▼

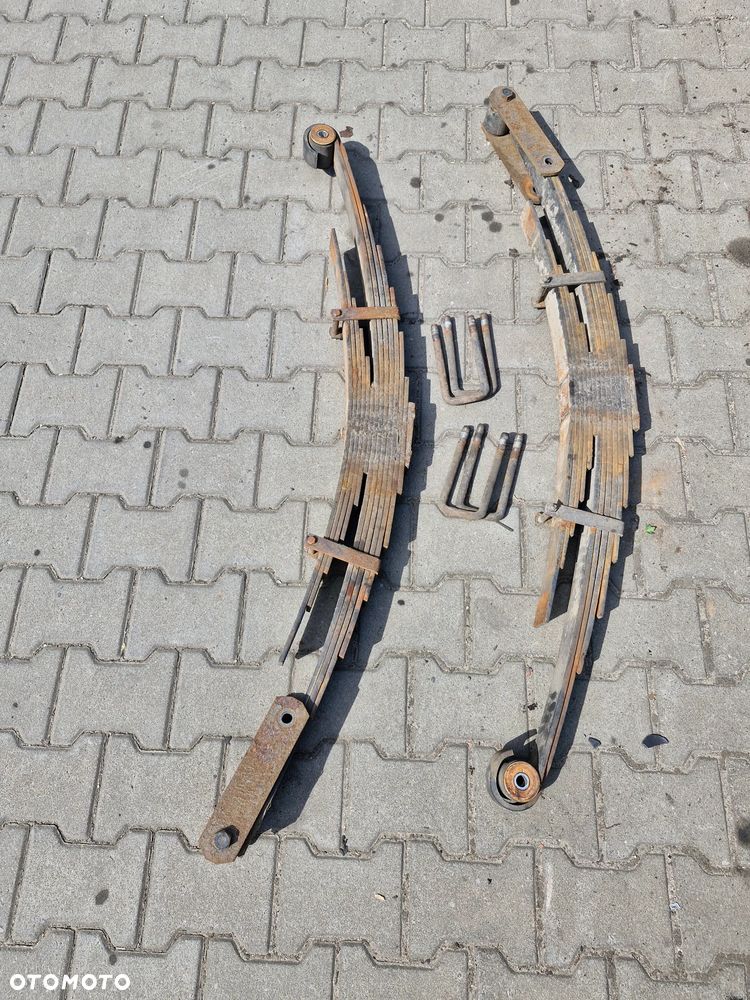 IVECO DAILY 50C BLIŹNIAK RESORY 13 PIÓR JARZMA KOMPLET 504119092 - 1
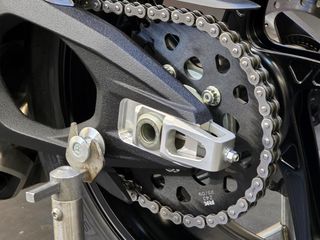 Ducati Panigale V4 R 2026-thumb-26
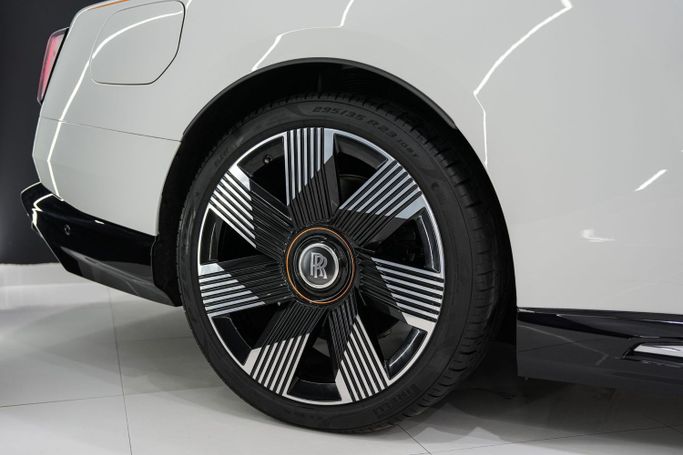 Used Rolls-Royce Spectre, 2024 in Dubai by Sanam Cars, White color. GCC Specs | AUTO.AE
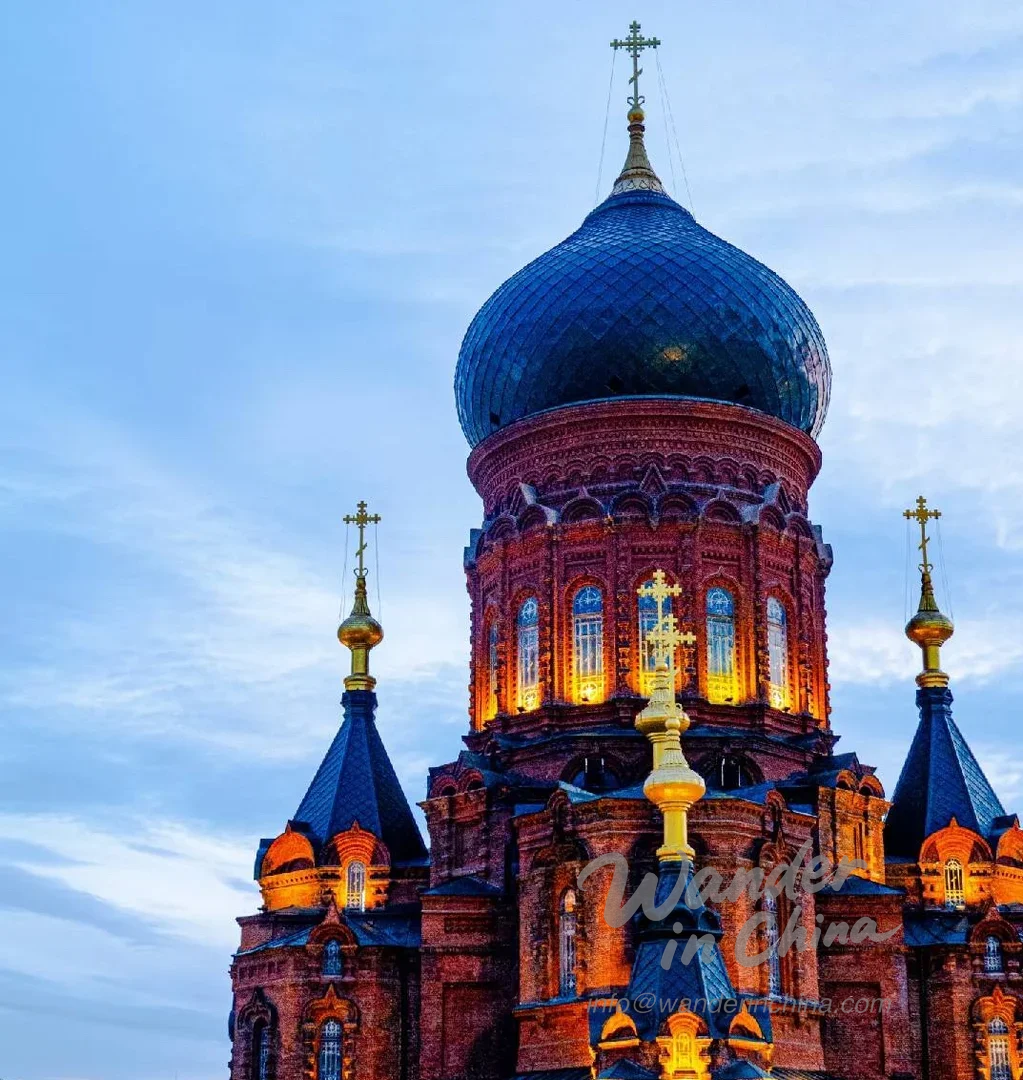 Cathédrale Sainte-Sophie au crépuscule.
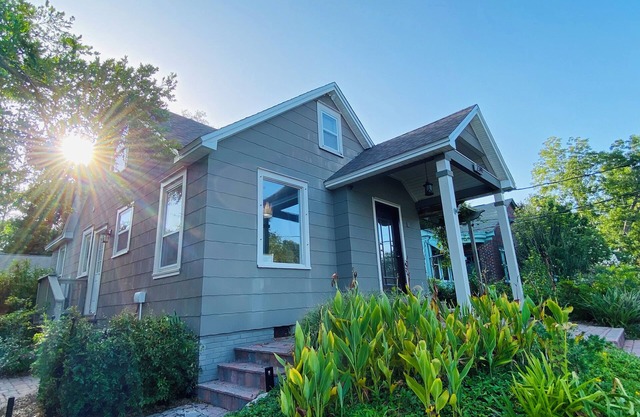 Charming 2-bedroom Magnolia Cottage in serene East Hill with WiFi, AC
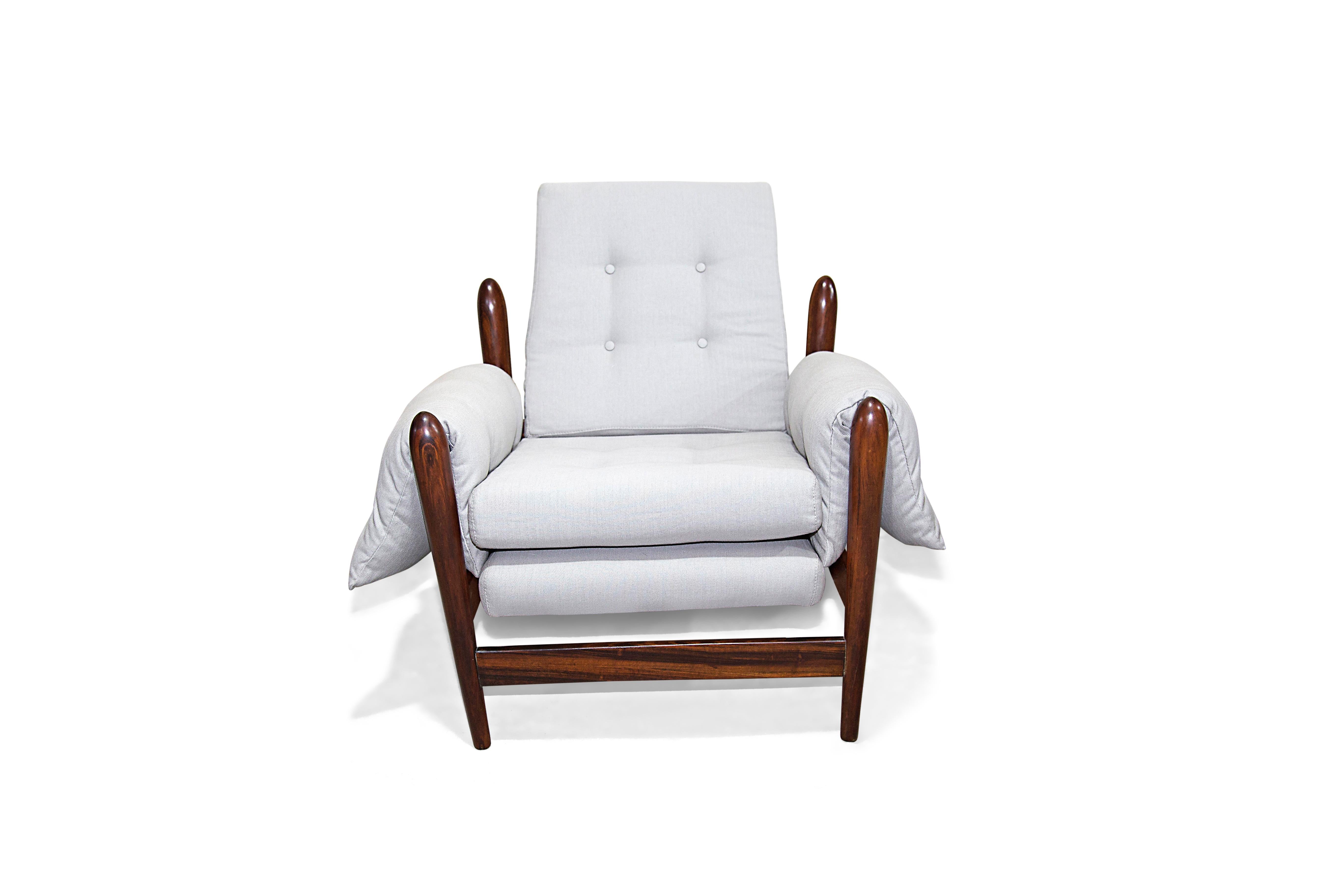 Disponible dès maintenant, ce magnifique fauteuil moderne du milieu du siècle est doté d'une solide base en bois de rose brésilien, connu sous le nom de Jacaranda, et d'un revêtement en doux velours gris. Le bois est de la plus haute qualité et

▲

Task brief: Restate the lines of the records exactly, starting at the first and stopping after the line with "Charming 2-bedroom Magnolia". Leave out any picture.

Your response:
 IVECO DAILY 50C BLIŹNIAK RESORY 13 PIÓR JARZMA KOMPLET 504119092 - 1
 Ducati Panigale V4 R 2026-thumb-26
 Used Rolls-Royce Spectre, 2024 in Dubai by Sanam Cars, White color. GCC Specs | AUTO.AE
 Cathédrale Sainte-Sophie au crépuscule.
 Charming 2-bedroom Magnolia Cottage in serene East Hill with WiFi, AC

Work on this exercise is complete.